Ein Mord in Mafiamanier
Im Norden Kosovos wurde der prominente Politiker Oliver Ivanovic erschossen. Er war ein scharfer Kritiker der kriminellen Gruppen, die angeblich von Belgrad unterstützt werden.

Die Mörder kamen mit dem Auto, eröffneten das Feuer und entfernten sich schnell vom Tatort. Für Oliver Ivanovic kam jede Hilfe zu spät, er erlag seinen Wunden im Spital. Mehrere Schüsse trafen den prominenten Politiker der Kosovo-Serben am Dienstag, als er die Zentrale seiner Partei im Norden der Stadt Mitrovica betreten wollte. Das Attentat auf Ivanovic erfolgte wenige Tage, nachdem das US-Aussenministerium vor Anschlägen im serbisch dominierten Norden Kosovos gewarnt hatte. Die Spannungen zwischen den dortigen Serben würden zunehmen, hiess es.
Laut serbischen Medien wurde Ivanovic mit einer Schalldämpfer-Pistole erschossen. Die Polizei fand in der Nähe von Mitrovica ein ausgebranntes Auto, bei dem es sich offenbar um den Wagen der unbekannten Täter handelt. Ivanovic war Chef einer kleinen Bürgerinitiative, die in Opposition zur «Serbischen Liste» stand. Diese Partei wird direkt von der Belgrader Regierung kontrolliert und ist die wichtigste politische Kraft der Serben in Kosovo. Die Regierung in Pristina verurteilte den Angriff.
Vor Eskalation gewarnt
Serbiens Staatschef Aleksandar Vucic sprach von einer «terroristischen Tat». Als Reaktion auf den Mord an Ivanovic brach die serbische Delegation einen von der EU vermittelten Dialog mit kosovarischen Vertretern in Brüssel ab. Auf einer Pressekonferenz in Belgrad reagierte Vucic gereizt auf jede kritische Frage von Journalisten. Sie warfen ihm indirekt vor, mitverantwortlich zu sein für die chaotische Lage im Norden Kosovos, wo Belgrad viel Einfluss hat.

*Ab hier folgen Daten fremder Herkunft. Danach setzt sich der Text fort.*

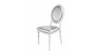 Louis Chair - White W/Silver Pad rental in Las Vegas, NV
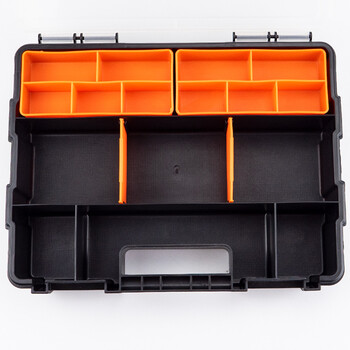 海斯迪克 HKCL-501 工具盒 塑料透明零件盒 分隔式元件储物收纳盒 F290(29*22*5.7cm)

Vucic holte wie immer zum Gegenschlag aus: Die Medien seien «Satrapen» der Opposition, die von armseligen Kreaturen und Dieben dominiert werde. Die harschen Worte sollten davon ablenken, dass Serbien seit Kriegsende in Kosovo vor bald zwei Jahrzehnten häufig kriminelle Strukturen unterstützt hat, um seine Macht zu behalten und nach 2008 die Unabhängigkeit der ehemaligen Provinz zu sabotieren.

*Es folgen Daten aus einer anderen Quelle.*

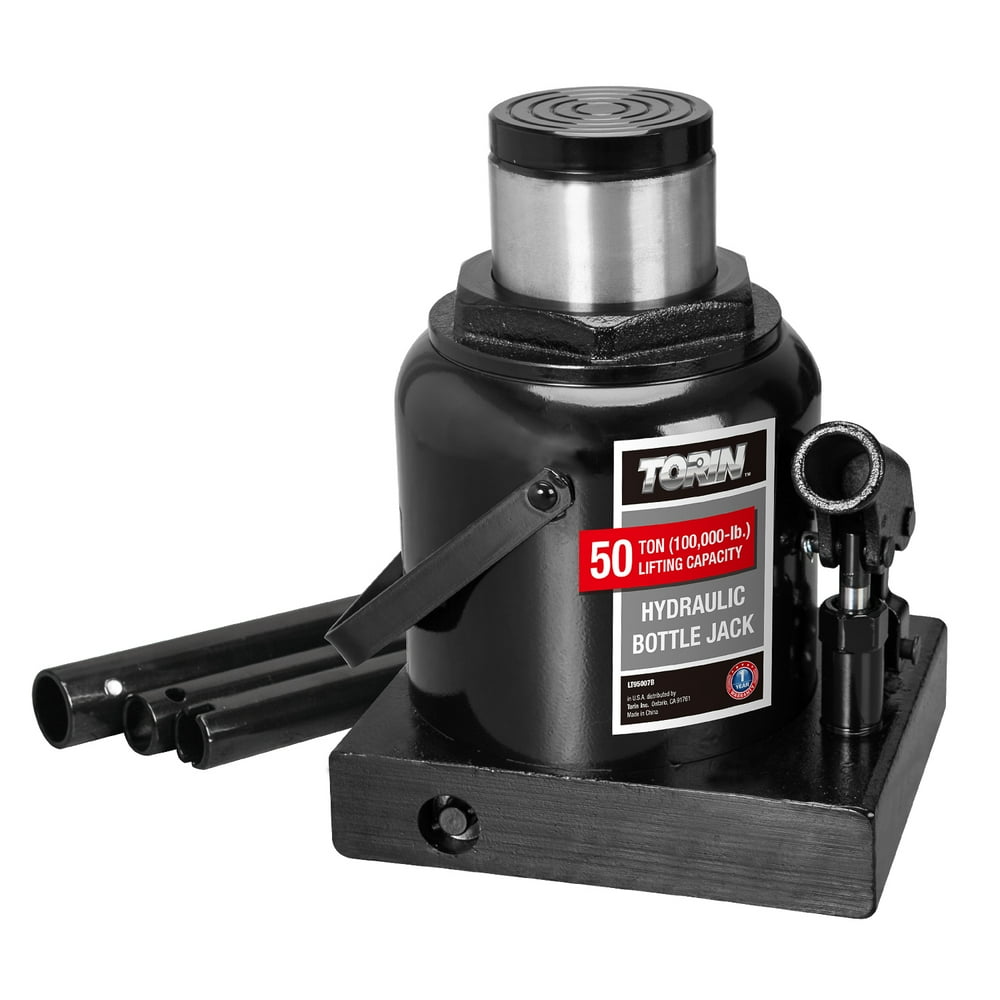 Black Jack Torin Hydraulic Bottle Jack, 50 Ton Capacity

Oliver Ivanovic hatte in den letzten Monaten vor einer Eskalation der Lage im Norden Kosovos gewarnt. Als er eine Kandidatur für das Bürgermeisteramt von Nord-Mitrovica ankündigte, wurde sein Auto angezündet. In einem Interview mit der Zeitschrift «Vreme» sagte er, die Serben im Norden Kosovos hätten jetzt Angst vor «extremistischen Serben». 2014 war ein Weggefährte von ihm erschossen worden.
International geschätzt
Ivanovic war ein schillernder, pragmatischer Politiker. Nach dem Krieg in Kosovo wurde er einer der Führer der Kosovo-Serben. Er unterstützte den Dialog mit der albanischen Bevölkerungsmehrheit und war jahrelang ein geschätzter Gesprächspartner der internationalen Gemeinschaft.

Als er sich für die Teilnahme der serbischen Minderheit an kosovarischen Wahlen aussprach, fiel er in Ungnade der Machthaber in Belgrad. Eine Teilung Kosovos lehnte er ab, weil die Mehrheit der etwa 100'000 verbliebenen Serben in Kosovo nicht im Norden, sondern im Süden des Landes lebte. Käme es zu einer Spaltung, wäre die Zukunft der restlichen Serben nicht sicher, meinte Ivanovic im Gespräch.
Der Ingenieur und Karatemeister, der wegen eines Augenleidens nicht Militärpilot werden konnte, war einer der wenigen serbischen Politiker in Kosovo, der Albanisch sprach. 2015 war er von einem Gericht in Kosovo zu einer neunjährigen Haftstrafe verurteilt worden – angeblich wegen Kriegsverbrechen an kosovo-albanischen Zivilisten. Ein Berufungsgericht kippte das Urteil und ordnete einen neuen Prozess an.